Thanks for the thoughtful reply. I agree about humans adapting to low gravity, but I do think at that point you have to accept post humanism to do so. How many people are willing to raise offspring knowing they are essentially committing themselves to creating a separate branch of humanity? That hasn't happened in a few hundred thousand years. Also, many of the people who have been swayed lately into supporting space settlement have followed Musk's personal arguement that it will provide a backup of the human species. But will it be human, really? At the same time, Im not sure everyone in Mars would want to hop in the centrifuge for a couple of hours for their daily constitutional.
Venus' lack of material resource could be a large technical problem. Getting resources from the surface without some huge leap in technology is mostly a non-starter, but Venusians would have as much access to NEO asteroids as Earth would. Apart from Mars, none of these potential colonies are going to be getting most of what they need from foreign gravity wells. The cost is too great. Venus CAN obtain quite a bit from atmorpheric gasses, however, and those it has in abundance. Still, it would remain materials poor. So is Japan, but it manages to still be a manufacturing power.
I guess in the end though it ultimately means, if everything you need for settlement is in the asteroids, go there and build colonies en situ. O'neill was right.
It's not that Venus is without advantages, of course. Knock enough rocks into it and you can both shorten the day and strip the atmosphere off; or a variety of other things. Compared to Mars, a Terraformed Venus is far more attractive to us baseline Humans.
The problem is terraforming it. If it's not fast enough (and I do believe it can be done quickly, again, it's always will, tech, and specie), then it'll be abandoned or given over to some other form of humanity, and that's their gig.
I'm not going to wave Venus off, of course, it's just that 'floating city' Venus is far more restrictive than Low-G Mars - for now. We'll probably see a base on Venus by the end of the century, at least, I would bet on that. It's just that doing anything else with Venus falls short. You could make a space elevator there, I believe, with current technology (but also on the Moon, which is my bet as well - the moon will see the first space elevators, attached to the pole and equator, as it's 'doable' with current level tech), and a few other things my groggy self can't quite remember right now.

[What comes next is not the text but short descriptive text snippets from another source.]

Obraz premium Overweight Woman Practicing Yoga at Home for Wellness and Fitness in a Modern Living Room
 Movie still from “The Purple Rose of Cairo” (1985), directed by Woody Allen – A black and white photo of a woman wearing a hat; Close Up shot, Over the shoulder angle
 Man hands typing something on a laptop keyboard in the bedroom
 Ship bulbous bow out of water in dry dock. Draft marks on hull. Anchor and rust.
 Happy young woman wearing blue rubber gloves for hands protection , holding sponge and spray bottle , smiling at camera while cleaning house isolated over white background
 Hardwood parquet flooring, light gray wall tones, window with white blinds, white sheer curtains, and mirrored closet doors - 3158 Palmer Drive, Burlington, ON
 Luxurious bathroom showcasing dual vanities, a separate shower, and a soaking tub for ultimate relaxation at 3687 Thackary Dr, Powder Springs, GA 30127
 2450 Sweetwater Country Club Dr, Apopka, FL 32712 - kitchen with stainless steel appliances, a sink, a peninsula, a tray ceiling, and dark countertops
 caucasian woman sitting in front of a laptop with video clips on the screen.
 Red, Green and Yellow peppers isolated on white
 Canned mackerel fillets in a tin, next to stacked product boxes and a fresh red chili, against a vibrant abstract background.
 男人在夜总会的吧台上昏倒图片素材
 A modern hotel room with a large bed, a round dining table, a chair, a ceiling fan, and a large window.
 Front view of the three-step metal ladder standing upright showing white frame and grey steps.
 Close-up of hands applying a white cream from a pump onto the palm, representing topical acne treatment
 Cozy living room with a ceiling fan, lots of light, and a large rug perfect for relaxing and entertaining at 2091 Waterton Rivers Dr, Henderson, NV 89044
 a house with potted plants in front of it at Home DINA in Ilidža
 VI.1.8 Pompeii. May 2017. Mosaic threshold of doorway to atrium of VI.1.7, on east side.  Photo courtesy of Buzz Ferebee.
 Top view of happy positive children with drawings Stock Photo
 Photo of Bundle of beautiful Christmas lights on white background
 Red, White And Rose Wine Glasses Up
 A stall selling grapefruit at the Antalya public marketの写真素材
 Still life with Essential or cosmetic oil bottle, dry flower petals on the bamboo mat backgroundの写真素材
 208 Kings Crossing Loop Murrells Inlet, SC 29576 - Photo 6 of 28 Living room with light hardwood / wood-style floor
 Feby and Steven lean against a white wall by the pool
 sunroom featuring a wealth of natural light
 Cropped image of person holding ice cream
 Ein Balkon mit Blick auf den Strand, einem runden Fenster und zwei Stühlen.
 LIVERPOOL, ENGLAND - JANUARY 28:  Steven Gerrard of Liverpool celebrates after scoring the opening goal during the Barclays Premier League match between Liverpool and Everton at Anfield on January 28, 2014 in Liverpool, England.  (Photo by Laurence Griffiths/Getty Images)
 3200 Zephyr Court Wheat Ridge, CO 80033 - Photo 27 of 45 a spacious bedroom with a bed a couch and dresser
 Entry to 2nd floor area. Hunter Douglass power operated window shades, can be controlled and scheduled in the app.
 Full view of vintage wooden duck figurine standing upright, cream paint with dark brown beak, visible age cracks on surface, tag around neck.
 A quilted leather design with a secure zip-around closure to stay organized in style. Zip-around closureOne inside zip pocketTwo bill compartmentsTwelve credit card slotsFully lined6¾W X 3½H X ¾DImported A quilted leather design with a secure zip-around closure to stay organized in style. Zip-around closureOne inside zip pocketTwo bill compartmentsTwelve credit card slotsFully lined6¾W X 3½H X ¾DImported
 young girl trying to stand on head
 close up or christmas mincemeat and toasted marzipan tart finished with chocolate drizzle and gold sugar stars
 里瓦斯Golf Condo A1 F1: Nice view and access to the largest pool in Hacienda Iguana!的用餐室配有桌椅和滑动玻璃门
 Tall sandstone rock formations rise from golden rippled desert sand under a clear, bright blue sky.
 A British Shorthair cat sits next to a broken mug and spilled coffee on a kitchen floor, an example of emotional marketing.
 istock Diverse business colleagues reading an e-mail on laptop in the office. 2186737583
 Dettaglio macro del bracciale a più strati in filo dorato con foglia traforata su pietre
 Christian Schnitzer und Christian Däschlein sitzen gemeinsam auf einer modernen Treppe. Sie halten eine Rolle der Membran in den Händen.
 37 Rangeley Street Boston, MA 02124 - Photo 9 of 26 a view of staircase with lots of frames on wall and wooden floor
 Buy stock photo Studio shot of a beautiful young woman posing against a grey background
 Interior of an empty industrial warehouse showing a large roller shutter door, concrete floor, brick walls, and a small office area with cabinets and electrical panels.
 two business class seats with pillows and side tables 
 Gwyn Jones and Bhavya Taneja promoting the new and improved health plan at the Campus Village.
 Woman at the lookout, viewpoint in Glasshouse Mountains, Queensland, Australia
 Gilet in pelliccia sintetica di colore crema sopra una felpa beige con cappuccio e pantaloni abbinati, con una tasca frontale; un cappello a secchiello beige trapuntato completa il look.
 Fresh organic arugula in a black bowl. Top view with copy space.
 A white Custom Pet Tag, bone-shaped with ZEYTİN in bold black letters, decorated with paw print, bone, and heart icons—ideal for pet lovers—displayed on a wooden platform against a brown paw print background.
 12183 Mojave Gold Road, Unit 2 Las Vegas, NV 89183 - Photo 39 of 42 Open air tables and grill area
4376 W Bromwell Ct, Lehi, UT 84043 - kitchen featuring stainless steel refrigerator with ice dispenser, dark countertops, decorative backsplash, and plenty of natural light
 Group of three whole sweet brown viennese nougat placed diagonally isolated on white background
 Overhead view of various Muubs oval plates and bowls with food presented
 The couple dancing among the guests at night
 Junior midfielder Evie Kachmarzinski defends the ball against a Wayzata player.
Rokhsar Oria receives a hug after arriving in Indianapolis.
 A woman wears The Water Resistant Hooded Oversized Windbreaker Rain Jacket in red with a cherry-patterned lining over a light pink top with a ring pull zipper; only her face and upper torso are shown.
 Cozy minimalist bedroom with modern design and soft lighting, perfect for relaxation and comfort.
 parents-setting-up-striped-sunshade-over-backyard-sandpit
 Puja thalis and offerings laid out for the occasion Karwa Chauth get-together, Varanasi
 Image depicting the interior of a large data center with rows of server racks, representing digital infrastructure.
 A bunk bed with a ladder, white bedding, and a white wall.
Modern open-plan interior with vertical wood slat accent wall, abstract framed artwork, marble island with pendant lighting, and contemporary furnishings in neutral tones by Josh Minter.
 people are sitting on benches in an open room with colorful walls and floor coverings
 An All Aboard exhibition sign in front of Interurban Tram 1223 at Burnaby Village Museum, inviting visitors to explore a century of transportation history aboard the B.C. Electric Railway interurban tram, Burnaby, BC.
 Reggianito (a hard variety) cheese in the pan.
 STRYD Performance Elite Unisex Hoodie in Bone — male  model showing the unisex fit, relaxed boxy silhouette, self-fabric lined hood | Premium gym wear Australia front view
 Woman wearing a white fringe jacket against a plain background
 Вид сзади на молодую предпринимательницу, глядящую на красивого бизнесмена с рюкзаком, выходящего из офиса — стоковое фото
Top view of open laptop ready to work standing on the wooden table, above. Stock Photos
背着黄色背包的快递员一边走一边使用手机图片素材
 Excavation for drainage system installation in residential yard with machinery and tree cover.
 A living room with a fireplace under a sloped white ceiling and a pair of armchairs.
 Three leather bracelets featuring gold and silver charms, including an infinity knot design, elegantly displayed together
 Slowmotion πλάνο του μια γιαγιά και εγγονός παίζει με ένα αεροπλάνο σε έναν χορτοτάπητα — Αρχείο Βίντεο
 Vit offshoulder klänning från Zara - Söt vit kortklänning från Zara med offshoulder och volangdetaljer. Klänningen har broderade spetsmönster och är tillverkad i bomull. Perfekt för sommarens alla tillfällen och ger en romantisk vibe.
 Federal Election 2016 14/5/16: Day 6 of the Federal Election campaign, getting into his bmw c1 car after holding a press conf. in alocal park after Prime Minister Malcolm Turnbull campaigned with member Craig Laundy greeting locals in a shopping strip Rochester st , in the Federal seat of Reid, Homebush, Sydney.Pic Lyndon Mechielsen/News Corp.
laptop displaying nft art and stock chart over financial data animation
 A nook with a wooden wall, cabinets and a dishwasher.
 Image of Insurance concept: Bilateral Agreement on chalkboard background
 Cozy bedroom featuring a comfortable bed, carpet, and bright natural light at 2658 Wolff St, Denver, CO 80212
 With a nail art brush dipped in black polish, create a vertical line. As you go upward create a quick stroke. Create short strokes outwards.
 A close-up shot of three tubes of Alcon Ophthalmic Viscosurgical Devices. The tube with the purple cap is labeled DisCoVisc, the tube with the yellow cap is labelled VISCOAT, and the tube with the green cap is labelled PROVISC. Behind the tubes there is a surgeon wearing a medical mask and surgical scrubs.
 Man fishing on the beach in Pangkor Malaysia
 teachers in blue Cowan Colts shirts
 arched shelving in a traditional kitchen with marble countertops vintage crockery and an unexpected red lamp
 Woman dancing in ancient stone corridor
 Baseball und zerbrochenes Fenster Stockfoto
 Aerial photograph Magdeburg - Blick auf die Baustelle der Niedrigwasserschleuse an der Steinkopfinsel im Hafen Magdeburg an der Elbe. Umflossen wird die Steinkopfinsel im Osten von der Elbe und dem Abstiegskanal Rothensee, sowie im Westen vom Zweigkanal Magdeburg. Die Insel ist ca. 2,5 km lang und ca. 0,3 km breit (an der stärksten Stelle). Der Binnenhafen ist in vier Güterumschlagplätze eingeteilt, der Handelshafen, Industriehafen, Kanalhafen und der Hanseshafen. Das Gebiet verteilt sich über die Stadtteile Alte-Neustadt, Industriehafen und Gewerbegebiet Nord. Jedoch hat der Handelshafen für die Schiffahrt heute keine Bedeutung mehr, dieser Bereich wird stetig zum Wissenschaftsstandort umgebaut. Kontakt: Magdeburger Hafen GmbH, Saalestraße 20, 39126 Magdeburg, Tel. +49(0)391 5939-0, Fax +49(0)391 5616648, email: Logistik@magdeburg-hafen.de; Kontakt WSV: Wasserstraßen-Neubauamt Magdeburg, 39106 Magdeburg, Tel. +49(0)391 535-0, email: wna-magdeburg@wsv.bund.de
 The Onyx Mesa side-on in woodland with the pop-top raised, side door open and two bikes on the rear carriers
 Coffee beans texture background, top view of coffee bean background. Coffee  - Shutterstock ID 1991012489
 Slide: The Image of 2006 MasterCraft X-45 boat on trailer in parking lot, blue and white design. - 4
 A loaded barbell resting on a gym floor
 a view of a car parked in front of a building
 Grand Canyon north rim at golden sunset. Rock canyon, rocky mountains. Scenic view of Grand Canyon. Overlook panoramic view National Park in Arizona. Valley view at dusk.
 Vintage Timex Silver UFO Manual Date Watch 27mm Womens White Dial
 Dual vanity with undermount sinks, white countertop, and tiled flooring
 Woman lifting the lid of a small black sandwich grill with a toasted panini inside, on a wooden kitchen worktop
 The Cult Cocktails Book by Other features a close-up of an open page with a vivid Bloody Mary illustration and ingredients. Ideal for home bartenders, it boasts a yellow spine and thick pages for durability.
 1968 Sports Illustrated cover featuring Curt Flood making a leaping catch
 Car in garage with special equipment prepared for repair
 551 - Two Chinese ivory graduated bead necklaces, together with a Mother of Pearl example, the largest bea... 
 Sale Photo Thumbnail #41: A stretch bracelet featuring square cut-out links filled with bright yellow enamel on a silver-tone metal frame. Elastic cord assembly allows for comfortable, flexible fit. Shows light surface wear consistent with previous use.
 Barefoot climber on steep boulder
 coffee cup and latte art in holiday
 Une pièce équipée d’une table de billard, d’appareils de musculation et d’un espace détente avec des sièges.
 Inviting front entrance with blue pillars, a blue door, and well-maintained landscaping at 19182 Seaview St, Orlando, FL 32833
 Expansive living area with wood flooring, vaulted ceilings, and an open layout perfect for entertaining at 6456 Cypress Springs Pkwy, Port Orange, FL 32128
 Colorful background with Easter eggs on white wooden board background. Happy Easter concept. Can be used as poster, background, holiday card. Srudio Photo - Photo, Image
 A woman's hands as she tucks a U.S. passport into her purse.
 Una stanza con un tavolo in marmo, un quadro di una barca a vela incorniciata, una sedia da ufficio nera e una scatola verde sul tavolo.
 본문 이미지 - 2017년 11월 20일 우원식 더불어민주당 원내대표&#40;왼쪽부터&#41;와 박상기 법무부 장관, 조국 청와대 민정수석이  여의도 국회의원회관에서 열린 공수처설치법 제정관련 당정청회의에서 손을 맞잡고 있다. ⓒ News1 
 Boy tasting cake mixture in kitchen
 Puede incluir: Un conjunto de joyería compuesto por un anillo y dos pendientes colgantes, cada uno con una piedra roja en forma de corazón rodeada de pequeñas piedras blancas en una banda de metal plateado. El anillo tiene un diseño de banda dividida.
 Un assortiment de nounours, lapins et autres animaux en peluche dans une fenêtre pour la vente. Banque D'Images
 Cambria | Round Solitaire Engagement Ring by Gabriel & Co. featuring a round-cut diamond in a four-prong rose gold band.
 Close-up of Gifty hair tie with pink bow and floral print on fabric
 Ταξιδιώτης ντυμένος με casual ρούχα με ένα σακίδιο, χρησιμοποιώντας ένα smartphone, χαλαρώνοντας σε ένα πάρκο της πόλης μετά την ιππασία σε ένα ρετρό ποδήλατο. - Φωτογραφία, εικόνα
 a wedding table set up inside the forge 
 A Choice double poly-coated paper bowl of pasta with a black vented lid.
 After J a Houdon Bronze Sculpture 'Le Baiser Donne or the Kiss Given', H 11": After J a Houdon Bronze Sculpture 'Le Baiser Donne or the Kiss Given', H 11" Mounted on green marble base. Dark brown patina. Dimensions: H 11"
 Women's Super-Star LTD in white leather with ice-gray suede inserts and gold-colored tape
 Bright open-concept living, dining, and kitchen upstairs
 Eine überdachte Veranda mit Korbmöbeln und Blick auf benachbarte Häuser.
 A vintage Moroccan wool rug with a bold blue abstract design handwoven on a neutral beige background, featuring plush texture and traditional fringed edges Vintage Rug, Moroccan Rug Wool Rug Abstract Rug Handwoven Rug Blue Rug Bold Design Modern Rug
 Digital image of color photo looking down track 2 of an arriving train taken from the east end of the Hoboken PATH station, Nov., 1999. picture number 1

As for the Post/Transhuman thing, sure, but that's mostly due to lack of public imagination. Scifi has inundated us with to much of the same old humans, just in weird uniforms, going around doing things, when it'll be bots, it'll be post-humans, cyborgs, doing all the like. Think if every Rubber-forehead Alien in Star Trek was just a human genetic offshoot: that's probably more akin to the near-middle future, than anything else. A Martian Tweak, for example, has two holes in the nose for more air circulation, or a space-adapted human basically has replaced their feet with hands to grab on to things more, and the like.
Already, Musk's (and Zubrin, and others) whole 'egg in different baskets' thing can be done with Orbitals, Habitats, the like. Mars isn't attractive, it's not Earth 2, and I do think there's a big risk that we'll get 'bored' with Mars after any 2030/2040 mission, just like with the Moon post A-11, A-13. It's just not that great. Sure Napoleon Complex nations will launch sporadic missions but my view of the future has been tempered by the constant ongoing danger and disappointment of this Terran reality....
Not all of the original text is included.